Automatisierte Planung von Machine-Learning-Experimenten für Benchmarking und AutoML


Prof. Dr. Bernd Bischl
Institut für Statistik
Arbeitsgruppe “Statistical Learning and Data Science”
Ludwig-Maximilians-Universität München

Project Summary

Machine learning methods have proven to be useful tools in an increasing number of scientific and practical disciplines. However, the efficient application of such methods is often still difficult for inexperienced users. This stems, in part, from the many possible algorithm configuration options or “hyperparameters” that are available for such methods and that greatly impact their effectiveness – even more so because the best choice of hyperparameters depends on the given problem and data set. Even experienced specialists may find selecting the best machine learning method and its hyperparameter values difficult, since the relationship between the data set and the optimal approach is often not directly predictable and an understanding of the underlying algorithms is lacking.
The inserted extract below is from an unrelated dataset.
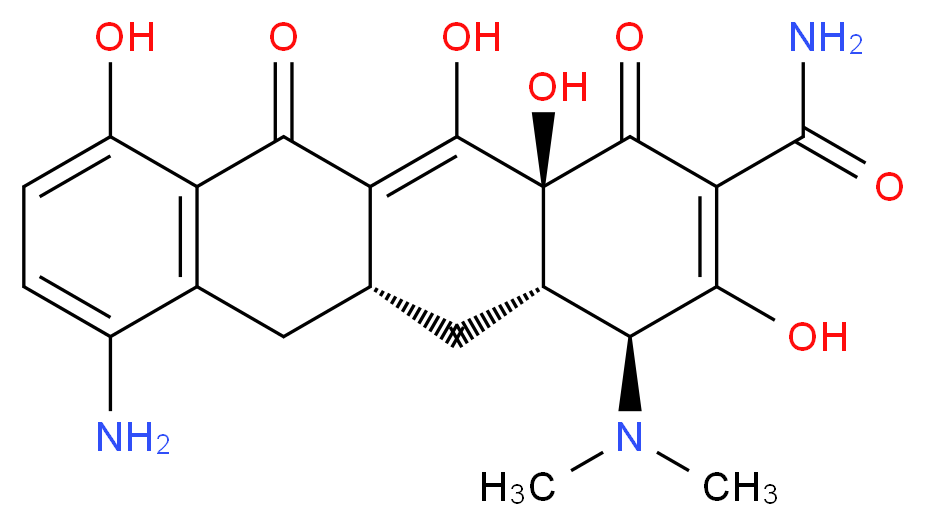 (4S,4aS,5aR,12aS)-7-amino-4-(dimethylamino)-3,10,12,12a-tetrahydroxy-1,11-dioxo-1,4,4a,5,5a,6,11,12a-octahydrotetracene-2-carboxamide_分子结构_CAS_95940-02-6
Automated Machine Learning or AutoML is an emerging field with the ultimate goal of making machine learning more accessible to users by automatically making some of the necessary decisions for the user. One approach to AutoML, based on the principles of “meta learning”, uses experience from previous machine learning experiments to quickly and robustly find hyperparameter configurations for the machine learning methods being used. A simple approach here is to try configurations that have worked well in the past; a more indirect way is to configure optimization algorithms in a way that they would have worked well on the problems already studied.

The goal of the project is to build a large collection of data on the relationship of hyperparameter configurations and dataset properties with machine learning performance, thereby providing a rich pool of “experience” that AutoML tools can draw upon to arrive at good solutions more quickly. In order to do so, random hyperparameter configurations of seven different machine learning methods were evaluated on 119 datasets. The SuperMUC NG supercomputer was utilized to achieve a truly large number of evaluations; the experiment is described in more detail in our paper.

The knowledge and data gained from the project will be used to create datasets other researchers can draw upon to investigate algorithm hyperparameters, and to extend existing AutoML approaches with a large collection of prior knowledge. In addition to predictive performance, several aspects regarding the multi-fidelity behaviour of algorithms were collected, such as performance on subsets of the datasets, their runtime and memory consumption and performance within each fold of the cross-validation process. This enables a quantitative trade-off between runtime and predictive performance in further research.

Mean (right) and standard deviation (left) of hyperparameters cost and gamma of an example machine learning method (Support Vector Machine), aggregated across more than 100 datasets.